[squeak-dev] Release engineering

Ken Causey ken at kencausey.com
Fri Jul 17 18:37:18 UTC 2009


On Fri, 2009-07-17 at 19:55 +0200, Bert Freudenberg wrote:
> On 17.07.2009, at 19:41, Ken Causey wrote:
> > On Fri, 2009-07-17 at 19:01 +0200, Bert Freudenberg wrote:
> >> In any case a process where development slows down when nearing a
> >> release would be in order, we might need feature freezes etc. Maybe  
> >> we
> >> simply set a release date now and then work towards it?
> >>
> >> - Bert -
> >
> > I would suggest an alternate model.  Rather than forcing developers  
> > as a
> > group to follow some sort of schedule why not consider a release a
> > snapshot of the development trunk minus some questionable or  
> > problematic
> > updates plus some additional cleanups relevant to a release.
> >
> > Let's say I wanted to create a release today and let's posit that  
> > there
> > are a number of known good updates after Nebraska 14 and 15.  I could
> > update to the update just before Nebraska 14, then manually merge in  
> > the
> > updates afterward.  Then do whatever clean up I want to do.  Then
> > release.
> 
> IMHO that would prolong the problem that the release is not a real  
> community effort.

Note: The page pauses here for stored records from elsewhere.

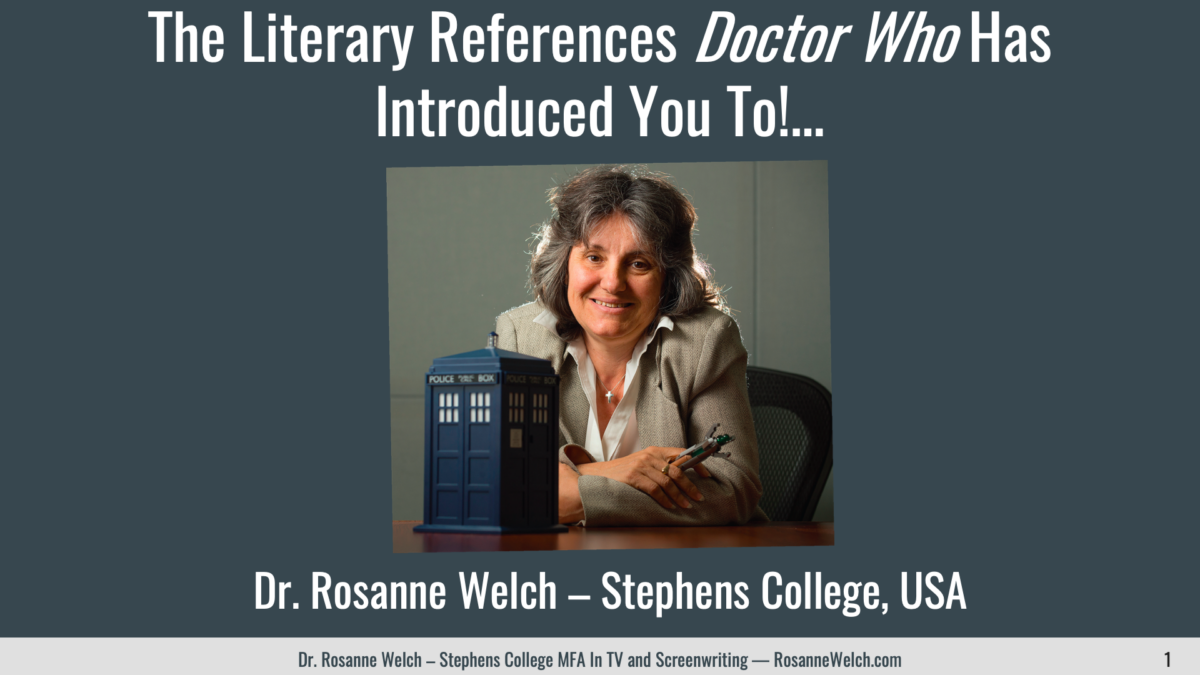 The Literary References Doctor Who Has Introduced You To With Dr. Rosanne Welch– San Diego Who Con 2024 [Video]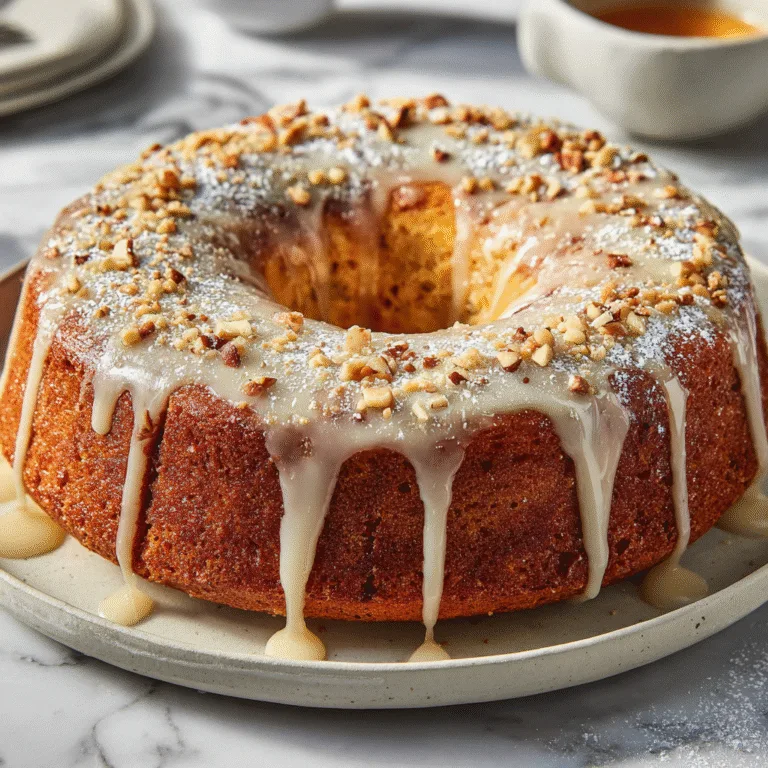 Irish Whiskey Cake – A Boozy, Moist Delight
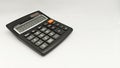 Electronic Calculator with Solar Power Feature. Royalty Free Stock Photo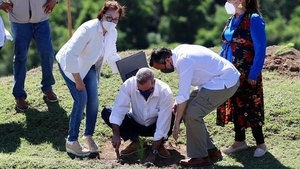 Presidente Luis Abinader y AmbienteRD unen esfuerzos para aumentar cobertura boscosa del país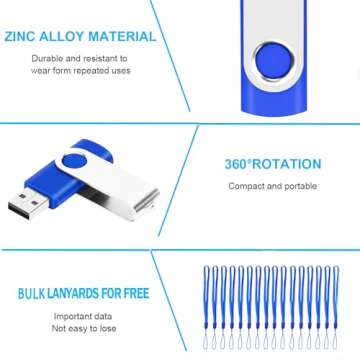 20 Pcs 4GB Bulk Flash Drives Perfect for School and Office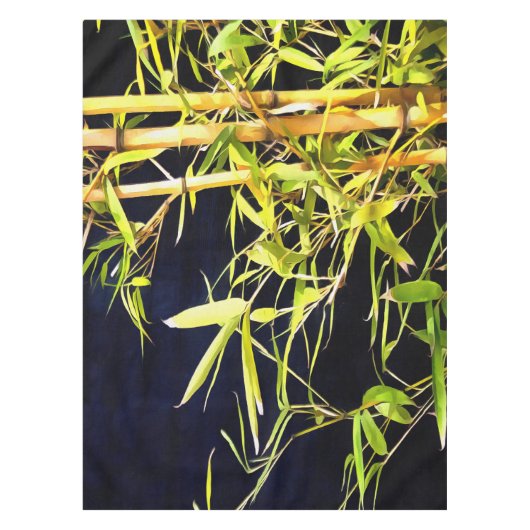 Tropische Kunst aus Bambus Tischdecke (Vorderseite)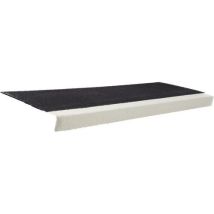 Coba - Revêtement antidérapant Stair Tread - 1m x 55mm - Noir/Blanc - Sécurité renforcée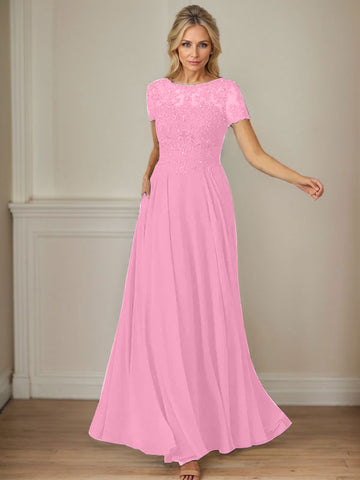 Vestido de gasa azul marino oscuro de corte en A con escote barco y lentejuelas 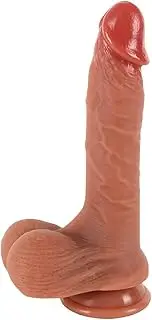 DVEDO 8" Realistic Dildo & 6.3'' Insertable with Strong Suction Cup for Hands-Free Play, Sex Toy for Adult Women Men Anal G-Spot Stimulation Lifelike Soft Silicone Penis Sex Toys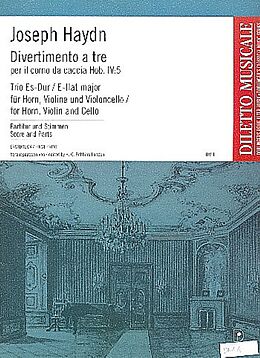 Franz Joseph Haydn Notenblätter Divertimento Es-Dur Hob.IV-5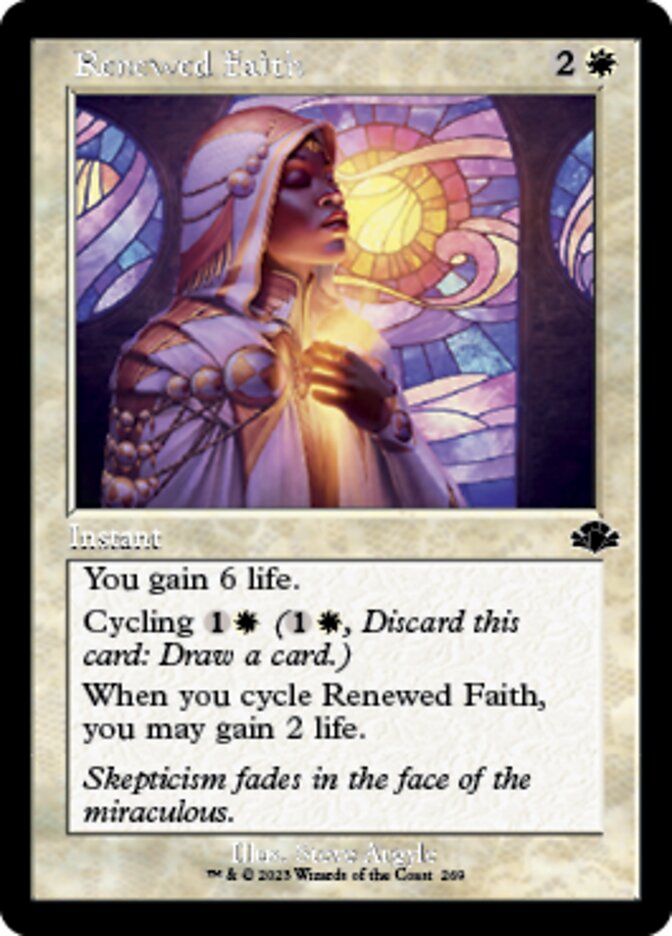 Renewed Faith - [Foil, Retro Frame] Dominaria Remastered (DMR)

For many years now, the release team consisted of  
> very few people who had to do all the integration work themselves. I  
> feel that this is simply too much of a burden for those individuals  
> (even though they volunteered to do it) and at the same time a much  
> greater sense of a shared product could be created in the community by  
> actually working on that product together.
> 
> I think extending the number of committers is one of the most valuable  
> aspects of the trunk model. It comes along with greater responsibility  
> for all of course, but that can only be good I'd say.
> 
> - Bert -

I don't see why the process of deciding what to remove and what to add
in can't be done as a group.  While my description is clearly a manual
one I don't see that it can't be largely automated and that the
description of what is done could be a joint one among those interested.

Personally I suspect that not all core developers find the details of
individual releases to be all that interesting and are in fact willing
to rely on others with more interest to define them.  I don't wish to
exclude anyone, but at the same time I see no reason why any particular
individual must participate in this part of the process.